Metal Machine Music, Live

Category : Blog Archive Apr 25th, 2009

Lou Reed performs some variant of Metal Machine Music at Gramercy Theatre in New York.

I believe the most brilliant description ever written of the original MMM was penned by Lester Bangs:

In case you just got here or think Metal Machine Music refers to something in the neighborhood of Bad Company, let me briefly explain that what we have here is a one-hour two-record set of nothing, absolutely nothing but screaming feedback noise recorded at various frequencies, played back against various other noise layers, split down the middle into two totally separate channels of utterly inhuman shrieks and hisses, and sold to an audience that was, to put it as mildly as possible, unprepared for it. Because sentient humans simply find it impossible not to vacate any room where it is playing. With certain isolated exceptions: mutants, mental patients, shriek freaks, masochists, sadists, amphetamine addicts, hate buffs, drug-numbed weirdos too walled off by chemicals to feel anything, other people whose nervous systems are already so bent out of shape that it sounds perfectly acceptable, the last category possibly including the author of this article, who likes Metal Machine Music so much that he acquired (did not buy) an 8-track RCA cartridge (on which are imprinted the words “SPECIAL VALUE!”) so that he can listen to it in his car.

Rolling Stone describes the audience at Gramercy as “[consisting] mostly of intellectual types.” Makes you wonder? I guess we might update Bangs’s list by adding “the morbidly curious.” (I count myself in this category, having worked on and off for a year or so on a research paper about MMM.)
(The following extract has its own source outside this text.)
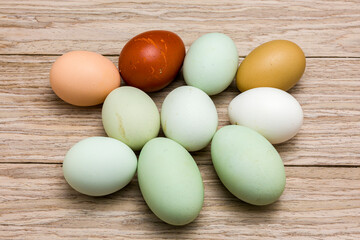 Eier von Hühnern verschiedener Rassen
Some of the audience members in New York were apparently both sentient and compos mentis:

Toward the second half of the show the music calmed down and Reed got ready to play guitar. This was when people started to leave. It was as if a quiet illness had come over the audience. People would slowly get up and then stagger through the aisle to get out. Others had started staring at a young man near the front row who kept erupting into inexplicable fits of laughter.

Well, as Reed himself wrote, “No one I know has listened to [MMM] all the way through including myself. I’m sorry, but not especially, if it turns you off.”